Let plane with equation $7x +4y -4z +30 =0$ be $P_1,$

plane with equation

$14x+8y- 8z -12 = 0 \ or\ dividing\ by\ 2:\ 7x+4y-4z-6=0$ be plane $P_2,$

plane with equation $36x - 51y+12z + 17 = 0$ be $P_3,$

and plane with equation

$12x -17y + 4z -3 =0\ multiplying\ by\ 3:\ 36x-51y+12z-9=0$ be plane $P_4.$

Let general equation of a plane be $Ax+By+Cz+D=0$

Since planes $P_1$ and $P_2$ have equal coefficients A, B and C, $P_1$ is parallel to $P_2.$

Planes $P_3$ and $P_4$ have equal coefficients A, B and C too, therefor $P_3$ is parallel to $P_4.$

Normal vector of planes $P_1$ and $P_2$ is $n_1=(7,4,-4)$

Normal vector of planes $P_3$ and $P_4$ is $n_2=(36,-51,12)$

Since scalar product $n_1\cdot n_2=7\cdot36+4\cdot(-51)-4\cdot 12=0$ ,plane P₁ is orthogonal to plane P₃.

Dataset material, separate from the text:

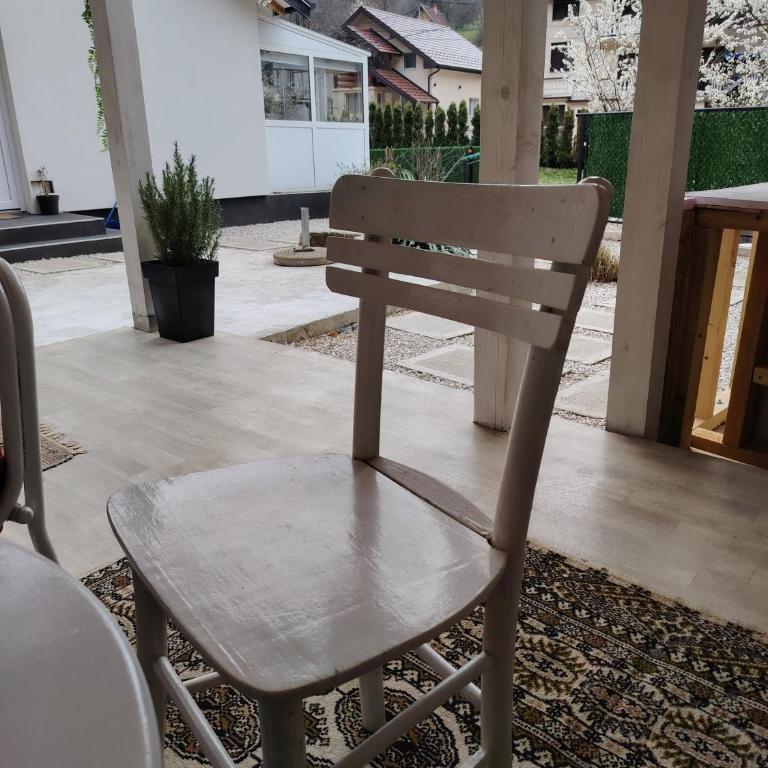 Kuća za odmor MERLIN HOUSE - Kuća sa 1 Spavaćom Sobom - 65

Plane P₂ is parallel to P₁ and plane P₄ is parallel to P₃, therefor P₂ is orthogonal to P₄.

So, we have:

P₁ is parallel to P₂,

P₃ is parallel to P₄,

P₁ is orthogonal to P₃ and P₄,

and P₂ is orthogonal to P₃ and P₄,

therefor these four planes form four faces of cuboid.